What is Purchase Order Financing? Guide to PO Funding | Bridge
Purchase Order (PO) Financing: A Complete Guide to How It Works and What It Costs
Purchase order (PO) financing is a short-term funding solution that pays your supplier or production costs when you receive a large customer order but lack the cash to fill it. The lender advances funds tied to a confirmed purchase order, your supplier produces and ships the goods, and the lender is repaid when your customer pays the invoice.
The product solves one specific problem: the cash-timing gap between winning an order and collecting payment. A $200,000 purchase order from a retailer means nothing if you cannot afford the $120,000 in production costs to fulfill it. PO financing covers that gap so the order gets filled and the business keeps its operating cash intact.
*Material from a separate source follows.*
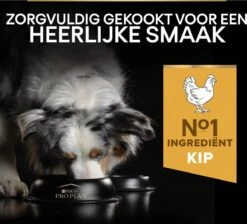 Pro Plan Medium Adult Everyay Nutrition - Honden Droogvoer - Kip - 14 Kg -Exporteren Alles Voor Honden Winkel 1200x1087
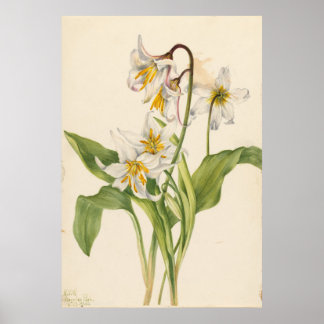 Poster Avalanche Lily (Eritronium montanum)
If you already have a confirmed PO from Walmart or Sam's Club, you can request financing through Bridge to see what terms look like.
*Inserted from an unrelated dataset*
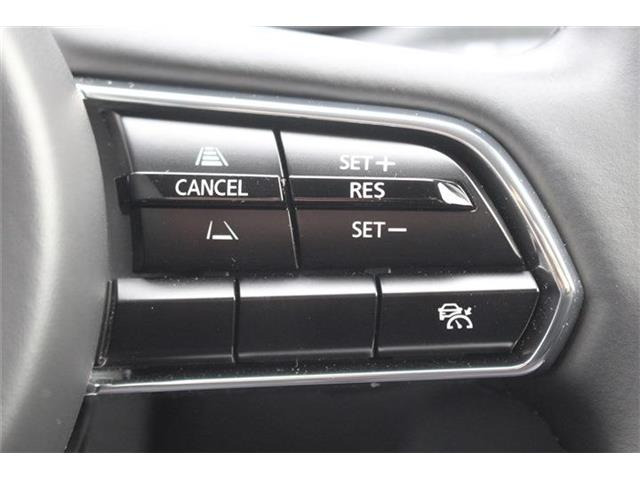 ���Ǝҗl�ւ̔̔��͂��f�肳���Ă��������܂��B �Ԍ������ԗ��̏ꍇ�́A�Ԍ����擾�������x�������z�ŕ\�����Ă���܂��B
According to Allied Market Research, the global purchase order financing market was valued at $5.5 billion in 2023 and is projected to reach $12.9 billion by 2033, growing at a CAGR of 8.7%. That growth reflects a straightforward reality: more businesses are landing large orders that outpace their cash reserves.
How Purchase Order Financing Works, Step by Step
Three parties are involved in every PO financing transaction: you (the supplier), your manufacturer or raw-material vendor, and the PO financing company. Here is the typical sequence:
- You receive a confirmed purchase order from a buyer, such as a retailer, distributor, or wholesaler.
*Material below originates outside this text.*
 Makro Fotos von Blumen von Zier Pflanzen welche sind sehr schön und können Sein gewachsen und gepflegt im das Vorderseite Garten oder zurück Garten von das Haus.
- You request financing by submitting the PO, your supplier's cost estimate, and basic business details to a PO lender.
- The lender evaluates the deal. Underwriting focuses on the buyer's creditworthiness, your supplier's reliability, and your gross margin on the order.
- The lender pays your supplier directly. Funds go straight to your manufacturer. This direct-pay structure reduces fraud risk and keeps capital tied to the order.
- Your supplier produces and ships the goods to your buyer according to the purchase order's specifications.
- Your buyer receives the goods and pays the invoice. Payment flows to the lender, not to you.
- The lender deducts fees and sends you the remaining balance. You keep the profit margin minus financing costs.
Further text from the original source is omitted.